The March number, down 1.2% from February, was initially estimated to be $874 billion. Private residential building construction inched up 0.7% in April, private nonresidential construction was unchanged, and public construction was down 1.1%. For the first four months of 2002, construction put in place was virtually unchanged from the same period of 2001.

Another release on June 3, the Institute for Supply Management (ISM)'s widely watched manufacturing report, showed economic activity in that sector grew for the fourth straight month in May, to its highest level since February 2000, with 18 of 20 industries reporting growth. That report followed a Census report Friday that factory orders rose for the fifth month in a row in April.

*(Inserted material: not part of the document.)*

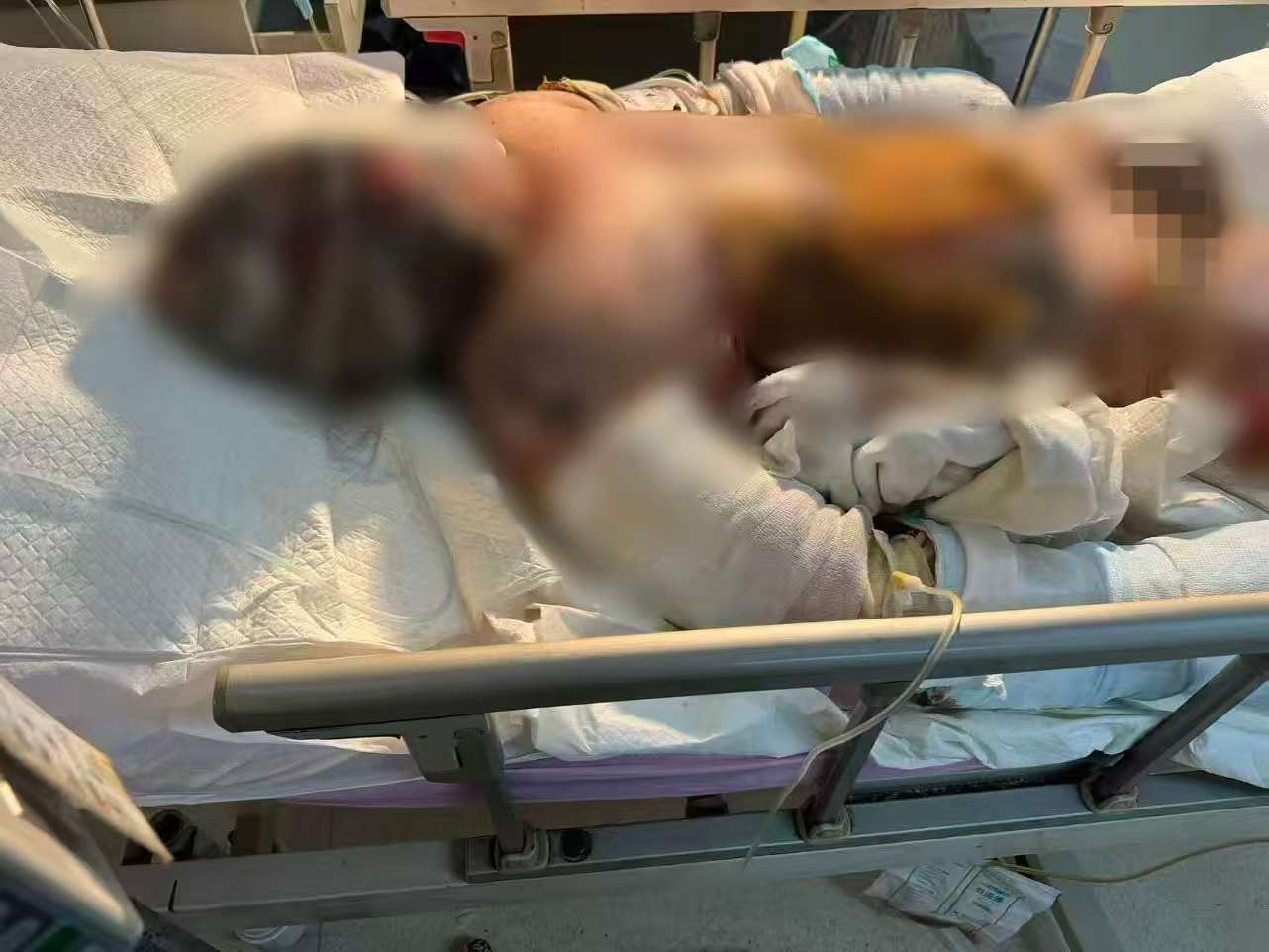 父子在哈尔滨一亲戚公司上班遇爆炸全身烧伤<strong></p>
<p>抹茶交易所</strong>,治疗花费近百万公司拒赔偿?亲戚回应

Industrial construction, which has tumbled 43% since April 2001, finally showed a 1% gain for the latest month according to Census. Nevertheless, ISM and other measures of capacity utilization and manufacturing employment remain very low. Until these indicators show sustained improvement, warehouse and office construction are likely to remain depressed for months to come. Office construction was up 1% for the month but down 27% from April 2001, Census reported.

Another concern I have is that business air travel is still down by double-digit rates compared to a year ago. That has negative implications for airport construction, convention centers, hotels, and other travel-related facilities.

On the plus side, the biggest private nonresidential category, "other commercial," eked out a 1% gain in April and held its loss compared to April 2001 to 5%. The strong housing market helps a number of related nonresidential categories. Today's (June 3) report by the Office of Federal Housing Enterprise Oversight that home prices rose 6% in the first quarter compared to the first quarter of 2001 means that homeowners should feel wealthier, even if their stock portfolios are down. That wealth effect, along with continued strength in personal income and consumer spending should sustain commercial construction for the rest of the year.

Prices are not a major concern for the most part. Both of the Census Bureau's construction price indexes - the fixed-weight index and the implicit price deflator - have barely budged this year. The ISM reported that steel was in short supply and that steel and aluminum prices were up for the fourth straight month, but fuel prices have settled down. Insurance pricing and availability, including the lack of terrorism insurance, may hold back some construction, however.